===== Data provided =====

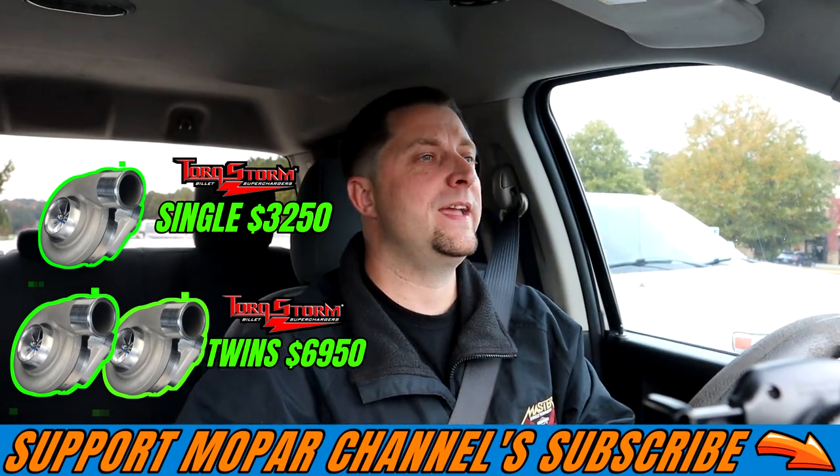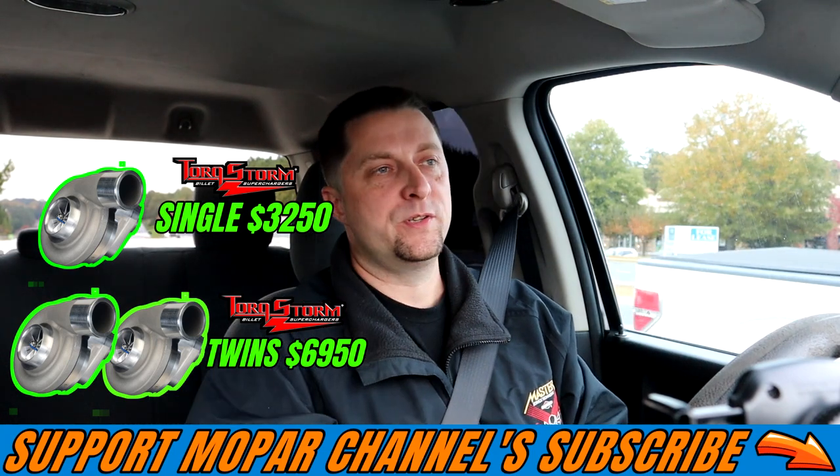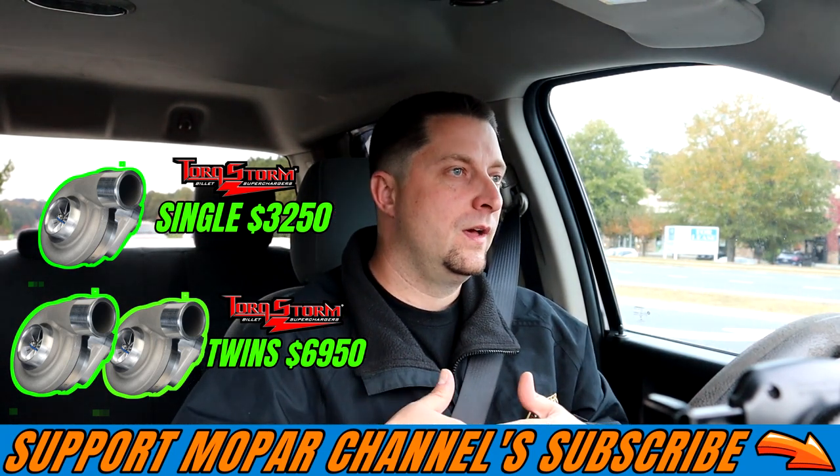The number one thing I get asked 90% of the time — the number one question — is how much boost can the Torque Storm supercharger make?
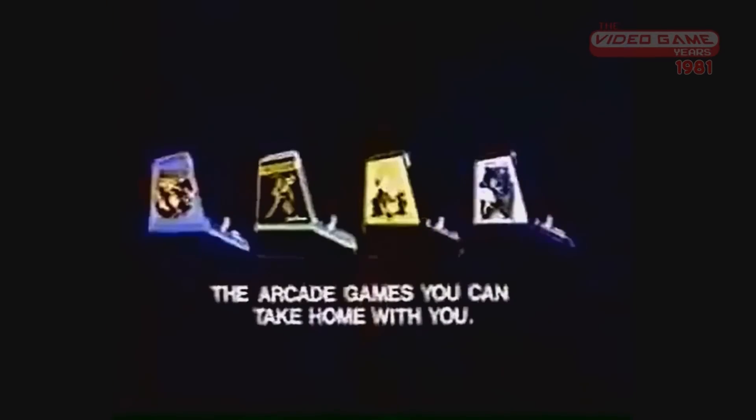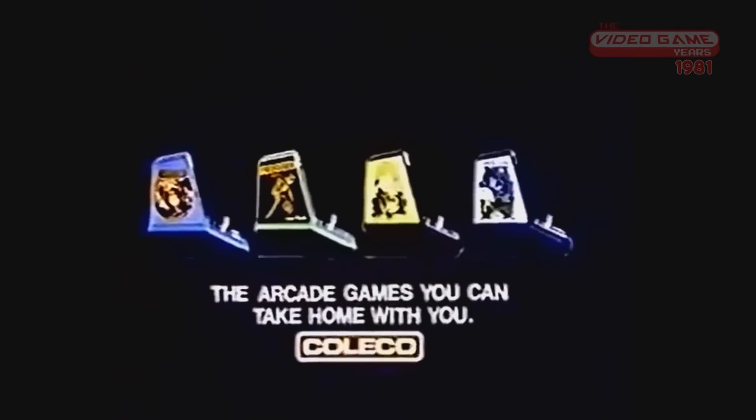1981 brought on the masterful, incredibly interesting tabletop units made by Coleco. These tabletop games look just like arcade games — you had the side art, the marquee. Donkey Kong, Midway's Pac-Man, and Galaxian: arcade games you could take home with you from Coleco.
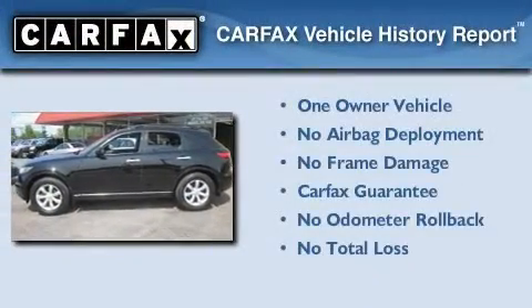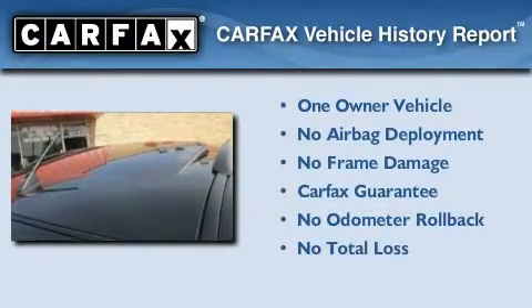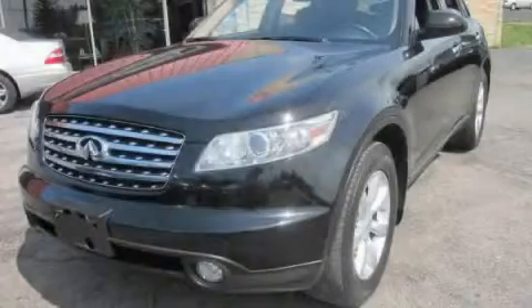This Infiniti has had only one owner, and it qualifies for the Carfax Buy-Back Guarantee. Contact us today to schedule your opportunity to see this automobile in person.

=====

Exercise:
The required output is the listing above reproduced exactly, pictures removed.

Exercise output:
The number one thing I get asked 90% of the time — the number one question — is how much boost can the Torque Storm supercharger make?
1981 brought on the masterful, incredibly interesting tabletop units made by Coleco. These tabletop games look just like arcade games — you had the side art, the marquee. Donkey Kong, Midway's Pac-Man, and Galaxian: arcade games you could take home with you from Coleco.
This Infiniti has had only one owner, and it qualifies for the Carfax Buy-Back Guarantee. Contact us today to schedule your opportunity to see this automobile in person.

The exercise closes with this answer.